### TASK DETAILS
The word "from" may appear in some lines of the data; copy every such line.

### MATERIAL PROVIDED
= = = =
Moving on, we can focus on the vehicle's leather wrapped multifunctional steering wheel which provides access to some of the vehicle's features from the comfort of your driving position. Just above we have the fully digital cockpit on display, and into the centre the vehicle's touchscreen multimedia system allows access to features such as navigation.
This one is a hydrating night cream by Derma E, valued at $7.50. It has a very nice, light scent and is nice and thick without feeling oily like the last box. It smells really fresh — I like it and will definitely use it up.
= = = =
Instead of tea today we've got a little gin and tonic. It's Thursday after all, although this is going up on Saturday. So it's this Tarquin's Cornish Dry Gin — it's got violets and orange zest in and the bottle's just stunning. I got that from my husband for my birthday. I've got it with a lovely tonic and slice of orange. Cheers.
= = = =
### EXERCISE RESULT
Moving on, we can focus on the vehicle's leather wrapped multifunctional steering wheel which provides access to some of the vehicle's features from the comfort of your driving position. Just above we have the fully digital cockpit on display, and into the centre the vehicle's touchscreen multimedia system allows access to features such as navigation.
Instead of tea today we've got a little gin and tonic. It's Thursday after all, although this is going up on Saturday. So it's this Tarquin's Cornish Dry Gin — it's got violets and orange zest in and the bottle's just stunning. I got that from my husband for my birthday. I've got it with a lovely tonic and slice of orange. Cheers.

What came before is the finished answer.